Yes better, reliable, reasonably priced railways connecting northern cities are badly needed
Money spent in London should be spent on the Midland and the north, absolutely support investment outside of London.
Were using railways that are essentially 200 years old…. Imagine if the Victorians were like us. We’d have absolutely no train options. It’s a 200 year infrastructure project we should complete it in full and maybe expand the scope otherwise it’s pointless.
Opposed. They’re unnecessary. Higher capacity, reliable, cheap local trains should be the priority
Support on my assumption that it could better connect 8 million people across Sheff, Leeds, Manc and Liverpool, and there would be large economic benefits to doing that.
Having a modern and functional rail network that can reduce the number of vehicles on our roads needs to be a priority for all parties, but it can’t become a haphazard mess like HS2.

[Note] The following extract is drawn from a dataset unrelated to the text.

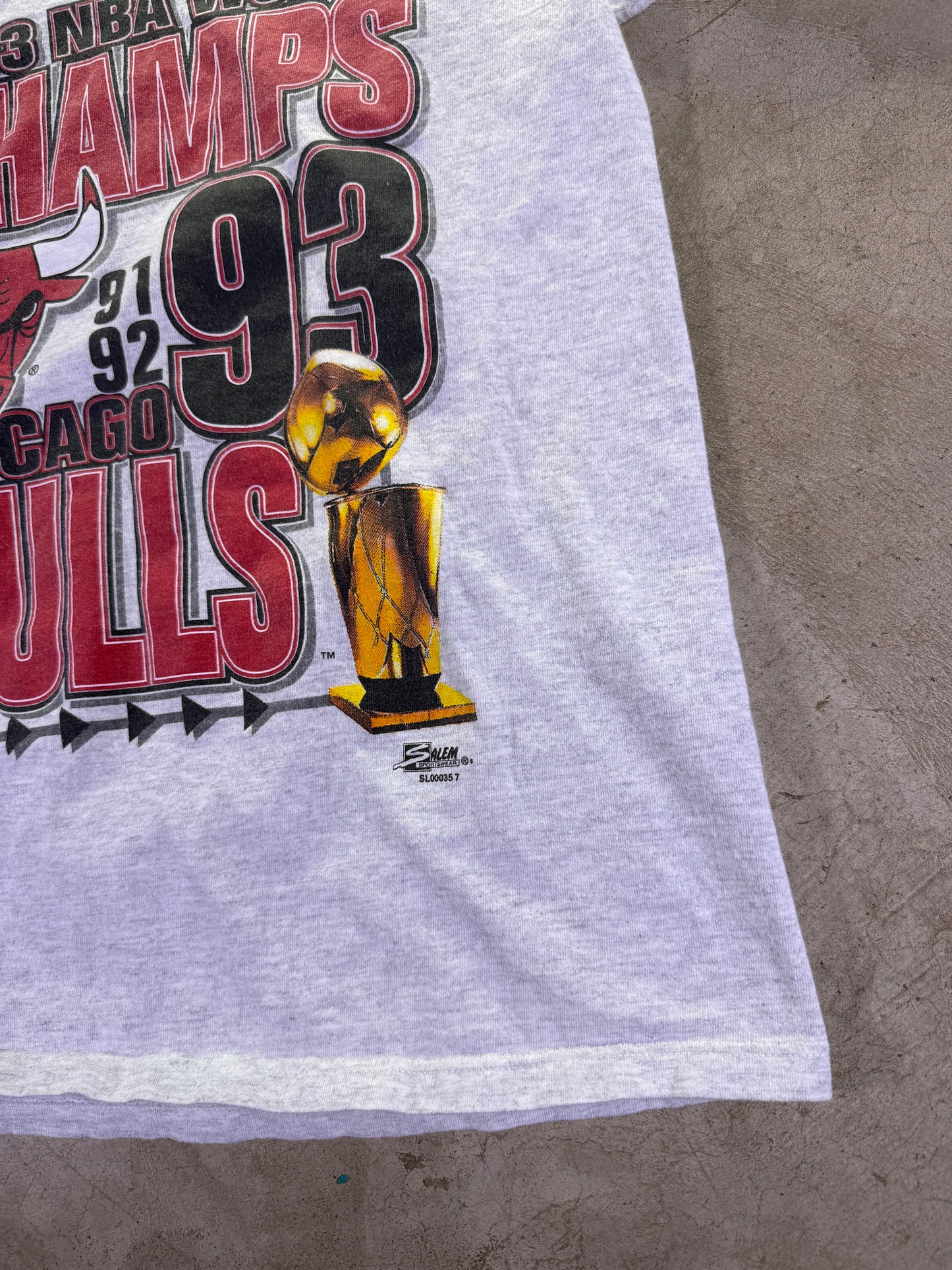 (M)1993 Salem Sportswear x NBA World Champions Chicago Bulls Short Sleeve T Shirt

Everything needs to be planned beforehand, even wildlife corridors or bat tunnels. The biggest failing with HS2 was that they tried to do it piecemeal, a hybrid bill so that not a single part of the plan was final, it led to a too many cooks situation with none of the budget estimates being anything close to accurate.
Support, but we also need to not bulldoze people’s lives or destroy parts of our country to do it. These things need creative solutions.
It’ll cost, lets except that and stop letting news outlets kill the project because they want to get people emotional.
If we had a fast an effective high-speed rail network it would balance some of the inequality in the UK, and overall, pay for itself again and again. Same the the railnetwork did before we fucked that up.
Infrastructure allows us to grow.
Strongly support. Infrastructure is the difference between a successful state and a shit one.
Just get what we have working efficiently and then think about it.